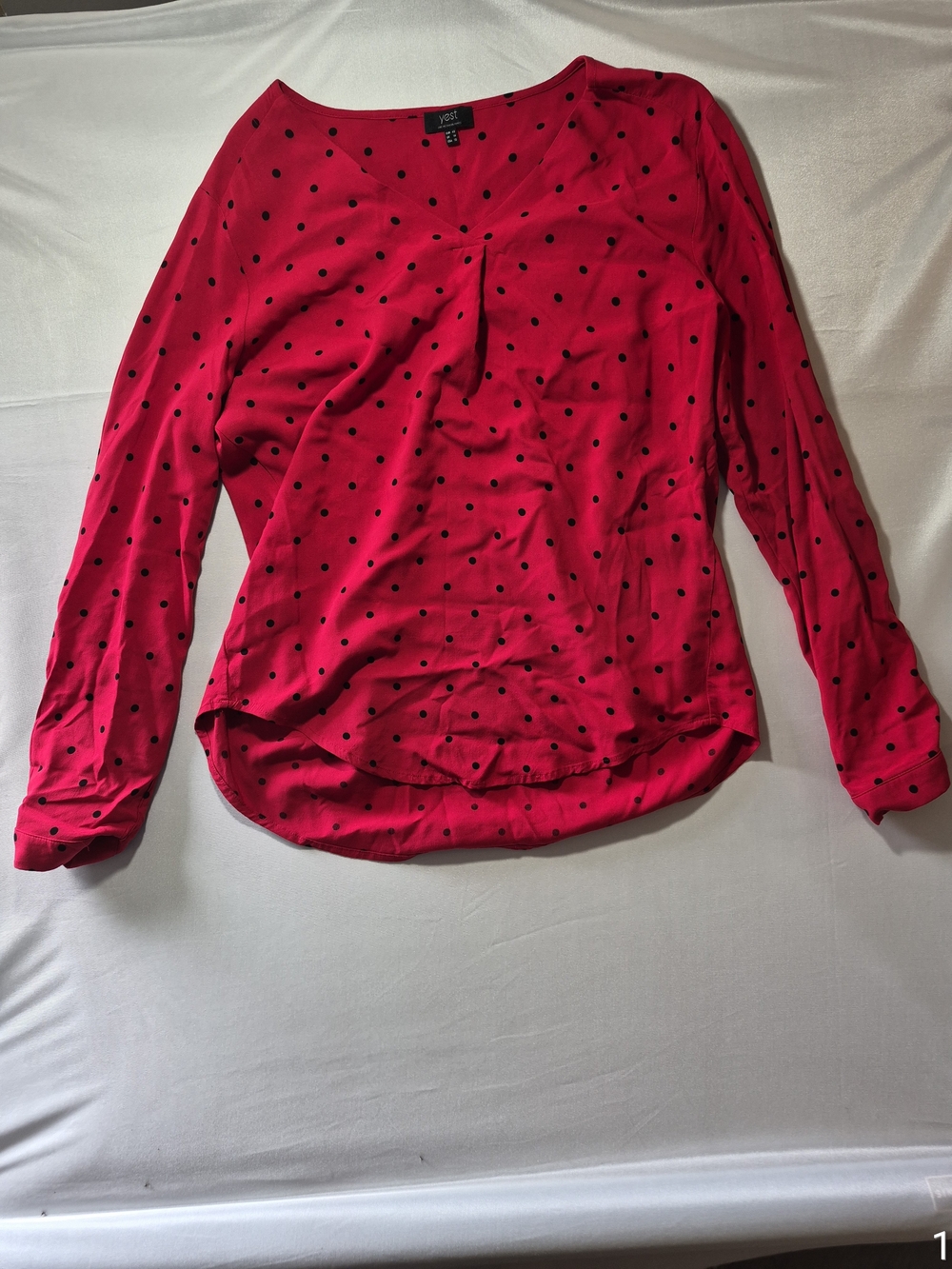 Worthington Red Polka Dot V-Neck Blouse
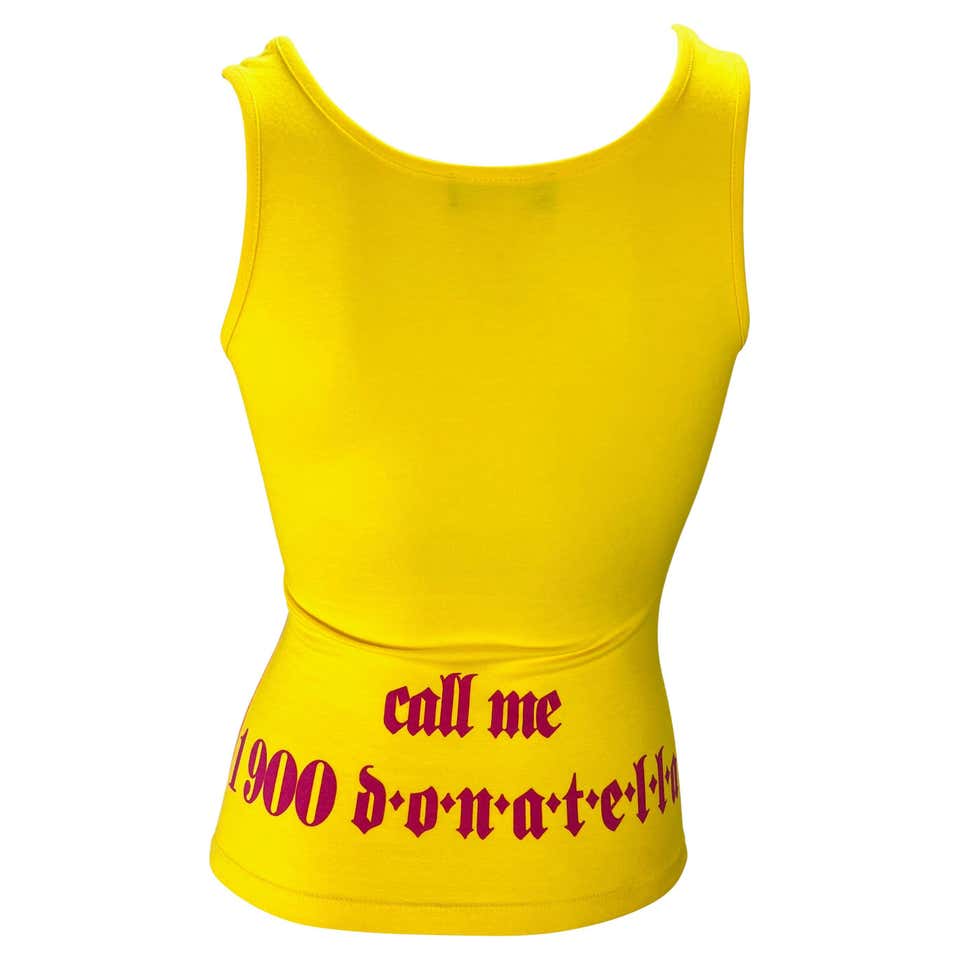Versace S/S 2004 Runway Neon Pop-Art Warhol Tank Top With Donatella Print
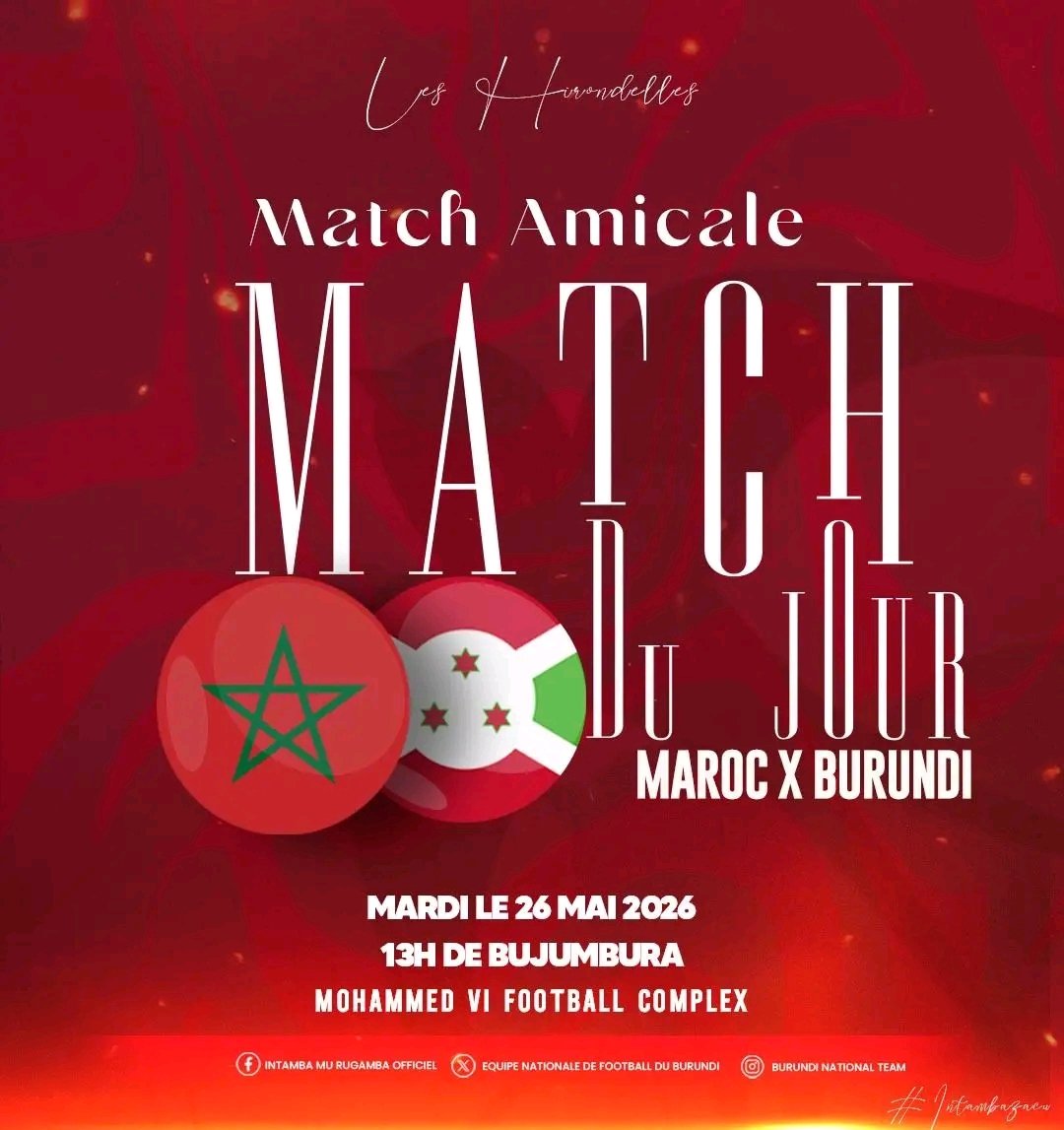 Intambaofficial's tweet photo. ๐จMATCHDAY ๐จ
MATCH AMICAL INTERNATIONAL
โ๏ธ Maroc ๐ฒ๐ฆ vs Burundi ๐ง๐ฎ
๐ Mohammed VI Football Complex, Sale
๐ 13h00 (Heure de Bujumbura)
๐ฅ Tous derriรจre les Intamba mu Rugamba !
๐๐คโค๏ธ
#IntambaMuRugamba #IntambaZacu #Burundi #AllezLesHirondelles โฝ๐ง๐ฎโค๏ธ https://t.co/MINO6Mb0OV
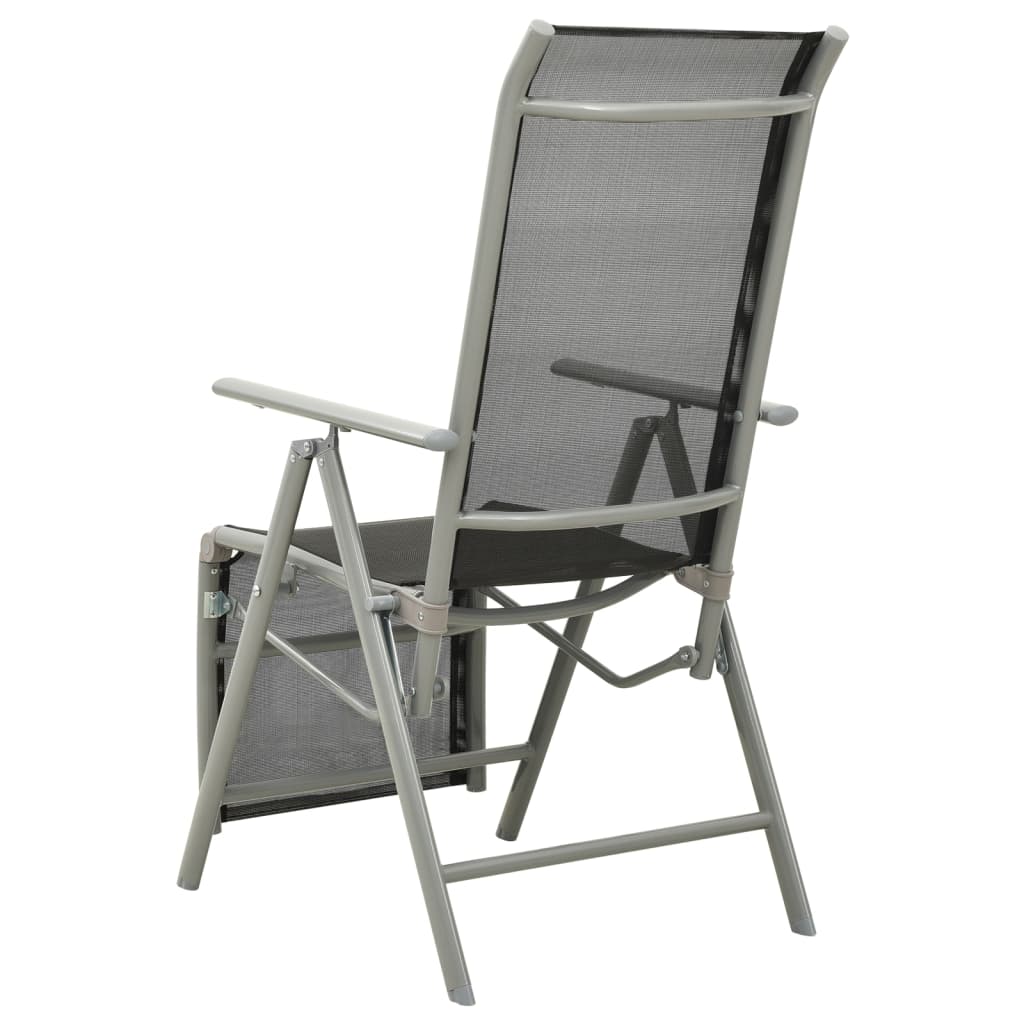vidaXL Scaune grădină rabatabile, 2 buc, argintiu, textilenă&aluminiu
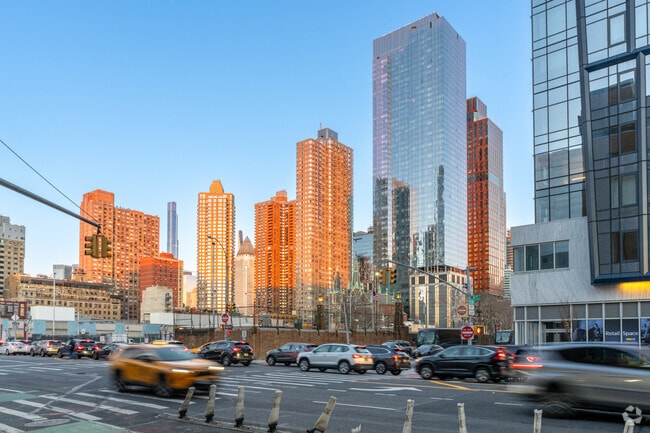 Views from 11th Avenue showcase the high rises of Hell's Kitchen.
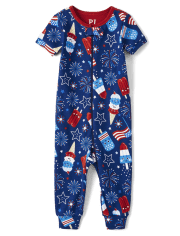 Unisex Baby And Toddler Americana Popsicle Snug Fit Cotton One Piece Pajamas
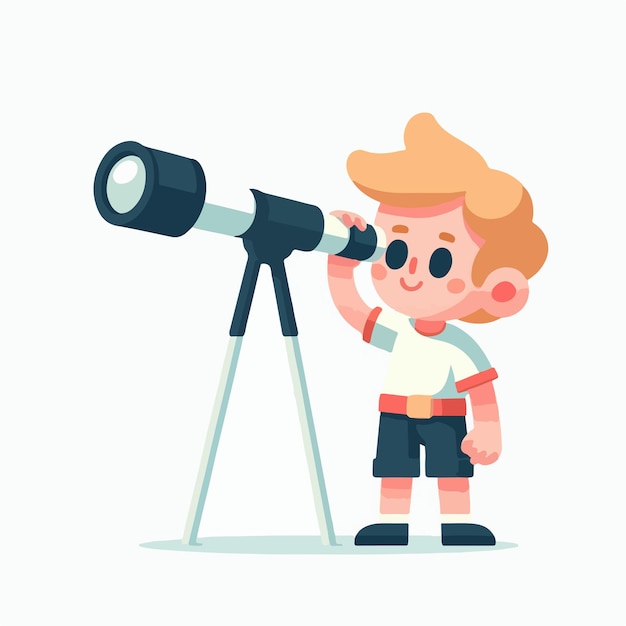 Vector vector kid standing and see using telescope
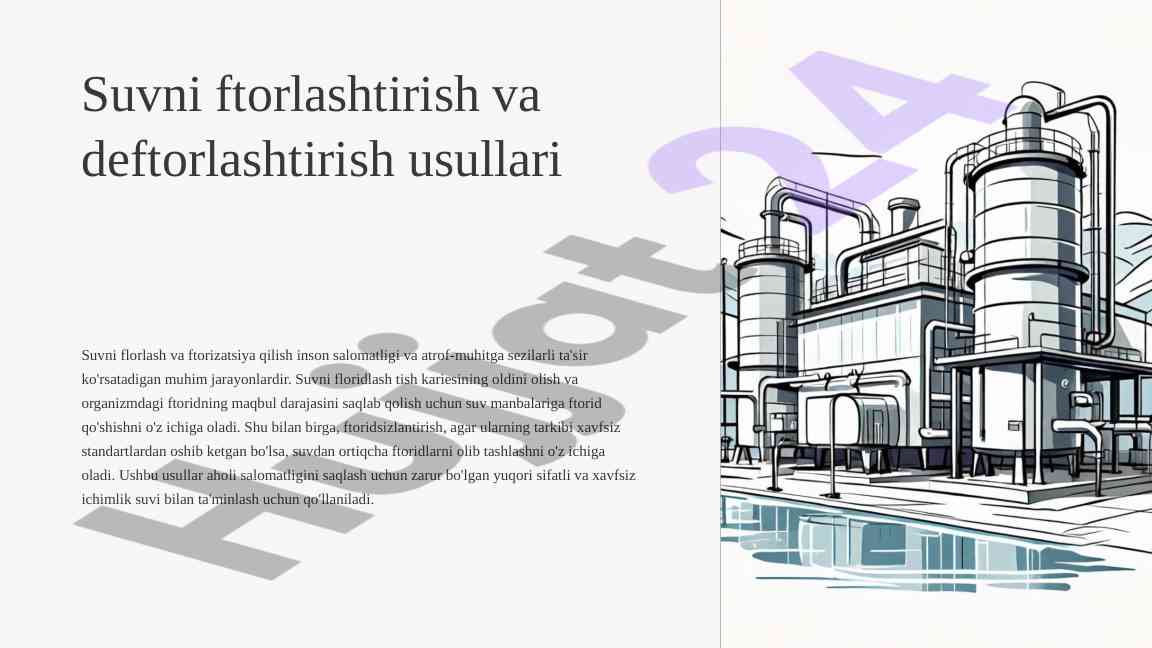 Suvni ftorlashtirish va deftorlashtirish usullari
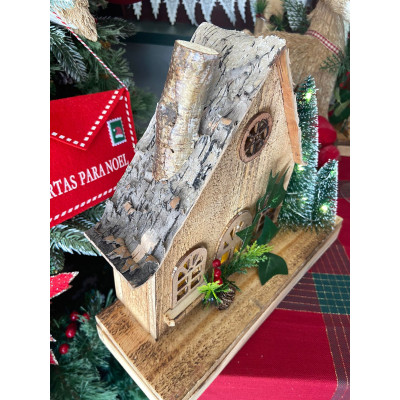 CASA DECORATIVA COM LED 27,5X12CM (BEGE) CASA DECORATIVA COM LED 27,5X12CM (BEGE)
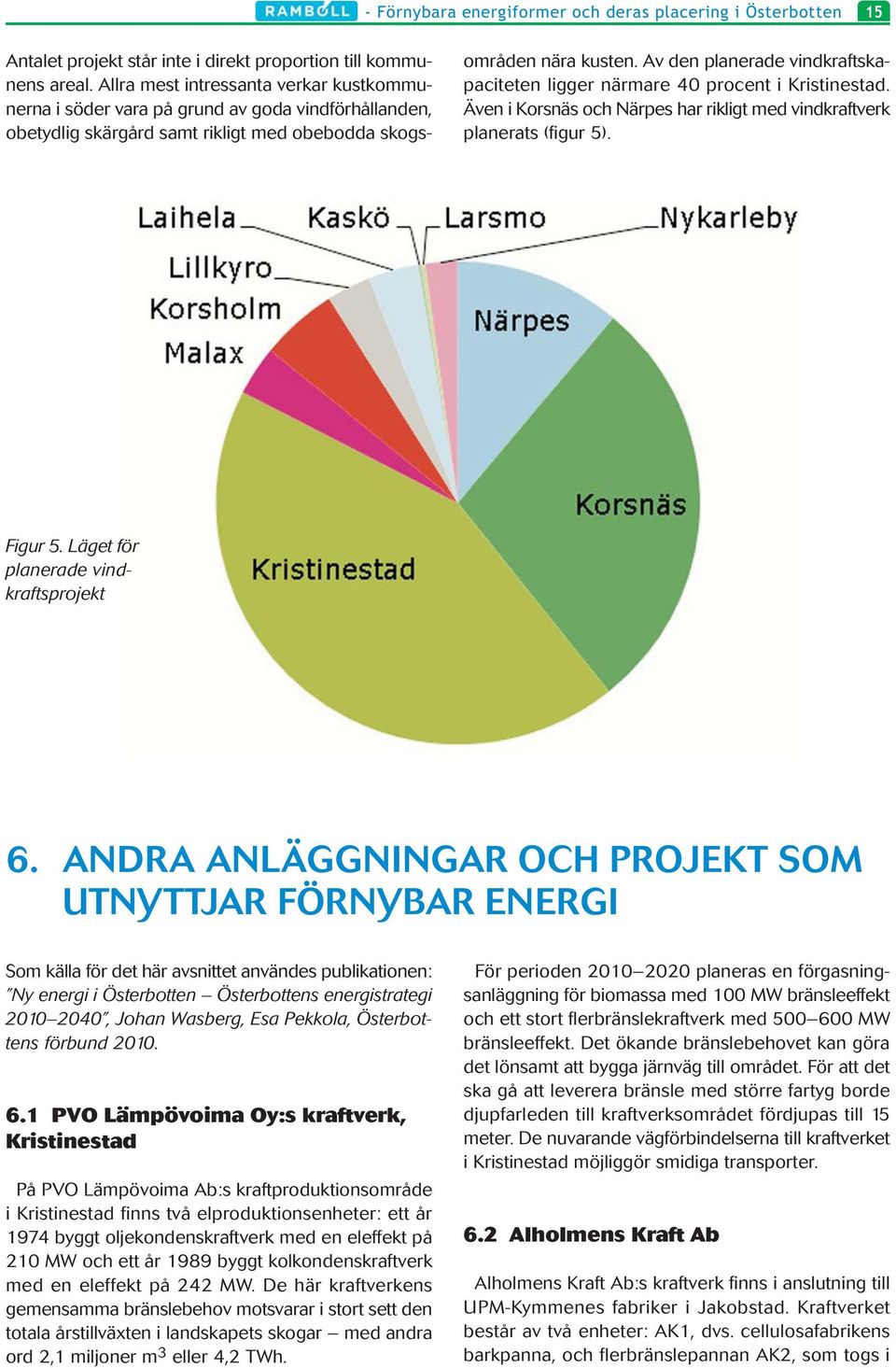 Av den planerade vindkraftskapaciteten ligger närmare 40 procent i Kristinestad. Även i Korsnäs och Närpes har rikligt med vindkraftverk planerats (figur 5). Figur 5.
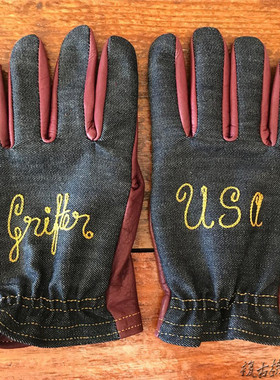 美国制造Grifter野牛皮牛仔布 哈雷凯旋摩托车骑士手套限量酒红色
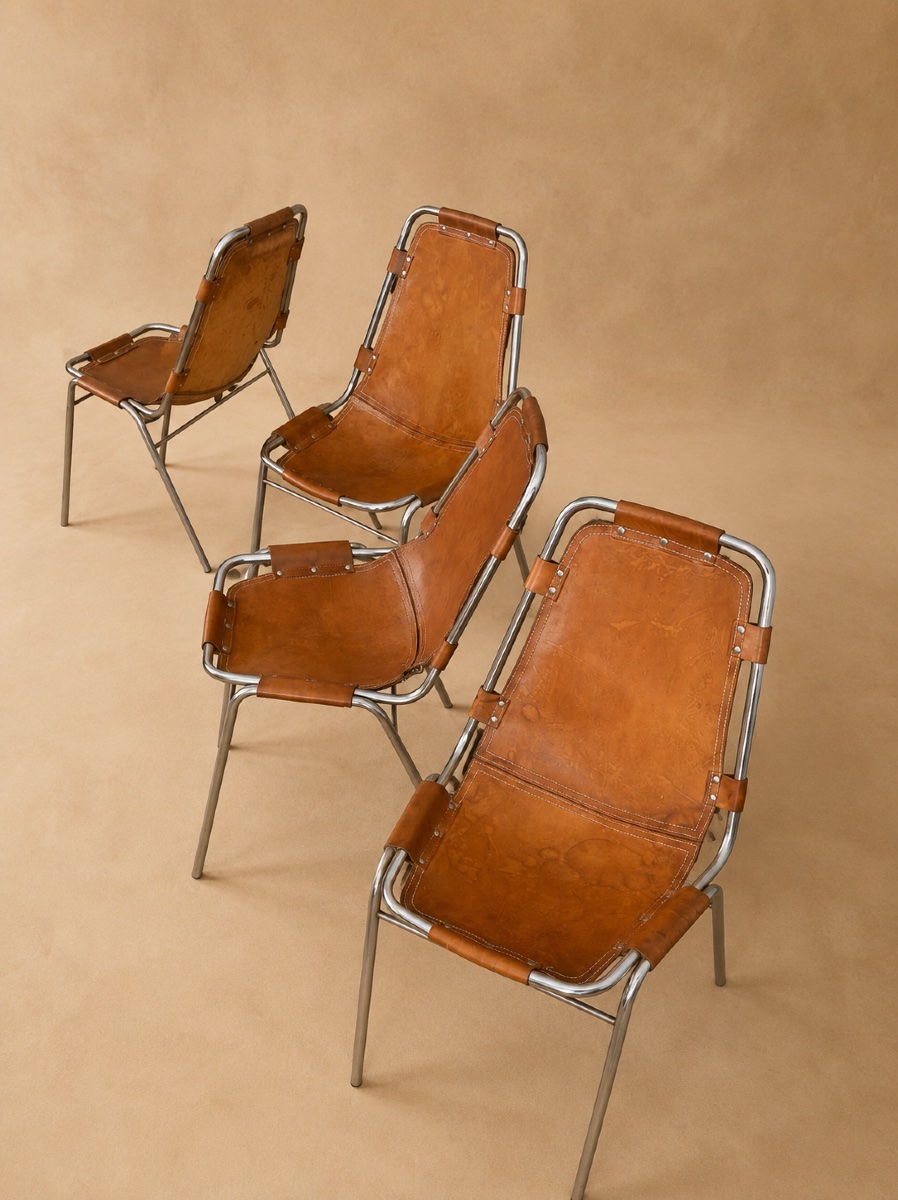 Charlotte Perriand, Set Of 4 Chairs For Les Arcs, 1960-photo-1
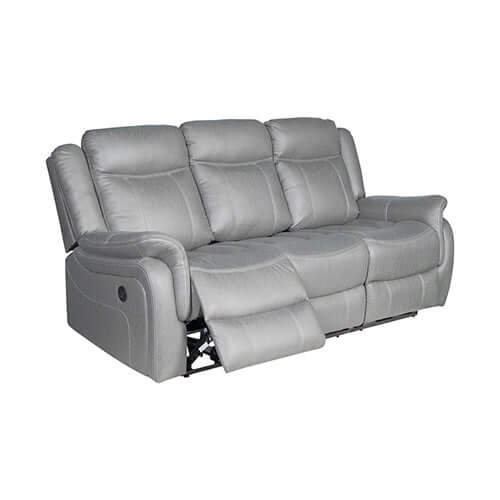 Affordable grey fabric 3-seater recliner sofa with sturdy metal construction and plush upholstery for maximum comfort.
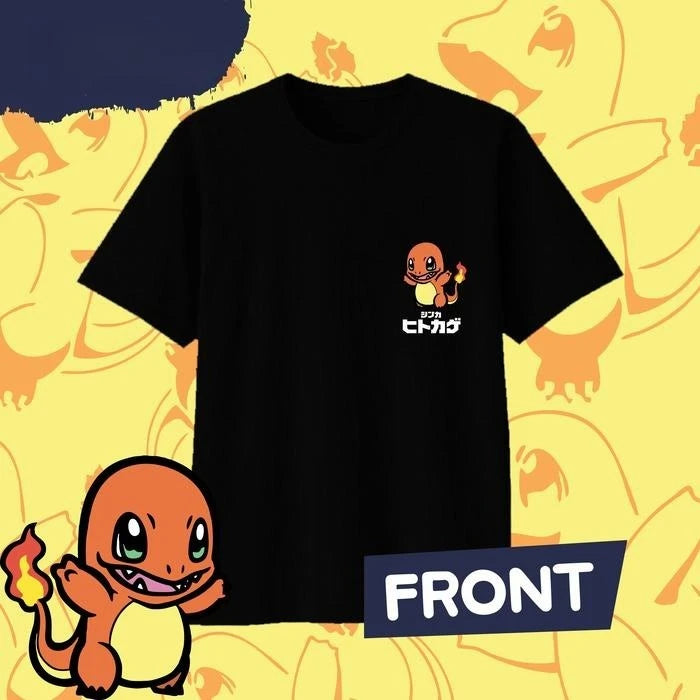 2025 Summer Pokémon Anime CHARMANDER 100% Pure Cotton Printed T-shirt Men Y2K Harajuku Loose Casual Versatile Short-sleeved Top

Work to complete. Produce an exact reproduction of the listing above, limited to the lines starting at the line with "Versace S/S 2004" and ending at the line with "Views from 11th", both kept, with every picture left out.

Reply.
Versace S/S 2004 Runway Neon Pop-Art Warhol Tank Top With Donatella Print
 Intambaofficial's tweet photo. ๐จMATCHDAY ๐จ
MATCH AMICAL INTERNATIONAL
โ๏ธ Maroc ๐ฒ๐ฆ vs Burundi ๐ง๐ฎ
๐ Mohammed VI Football Complex, Sale
๐ 13h00 (Heure de Bujumbura)
๐ฅ Tous derriรจre les Intamba mu Rugamba !
๐๐คโค๏ธ
#IntambaMuRugamba #IntambaZacu #Burundi #AllezLesHirondelles โฝ๐ง๐ฎโค๏ธ https://t.co/MINO6Mb0OV
vidaXL Scaune grădină rabatabile, 2 buc, argintiu, textilenă&aluminiu
 Views from 11th Avenue showcase the high rises of Hell's Kitchen.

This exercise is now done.